Jun 25 2012 2:00pm

Buffy the Vampire Slayer Rewatch: Attack of the Sugar Plum Fairy Tale

Buffy the Vampire Slayer Rewatch: Attack of the Sugar Plum Fairy Tale

Things in the third season of Buffy the Vampire Slayer build to the events of “The Wish” and then fall off, just a bit, giving us a breather before we drop into Buffy’s latest horrific birthday, the arrival of Wesley, and Faith’s big downward spiral.

So in one sense, “Amends” and “Gingerbread” are the eye of the hurricane, the slack weeks on the Slayerwatch. Which is saying something: it’s downtime where all Buffy has to deal with is a little brush with the First Evil and, oh yeah, almost getting burned alive by her mother.

Though there’s nothing much wrong with it, I was nevertheless surprised when I saw that “Amends” had been written and directed by Joss Whedon—usually his episodes pack more of a punch.
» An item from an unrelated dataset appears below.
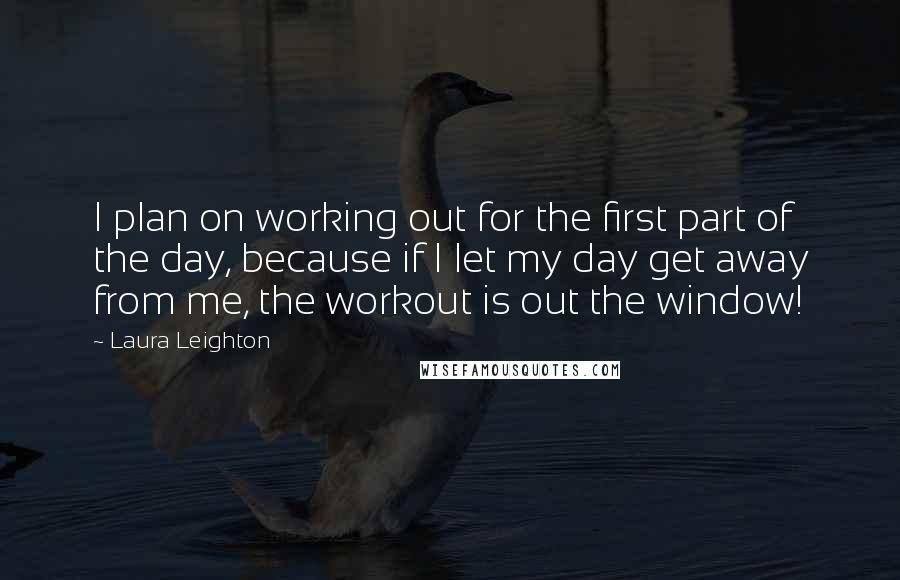 Laura Leighton Quotes: I plan on working out for the first part of the day, because if I let my day get away from me, the workout is out the window!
This one’s not quite a whimper, but it doesn’t really bang, either. The story goes thusly: Angel starts having big ol’ guilt dreams about the people he killed when he was a vampire. He runs into Buffy and is spooked enough to get her worrying; in time, he’s scared enough to consult Giles, who is still holding a grudge over that whole “You killed my girlfriend and tortured me” thing.

To which Angel’s all, “Yeah, sorry, but why am I back on Earth?”

Good question! The murdered dream-peeps, who by now include Jenny Calendar among their number, claim the answer is that they brought him; they’re urging Angel to give in to his dark side and go on a killing spree, with Buffy as the opening ceremonies.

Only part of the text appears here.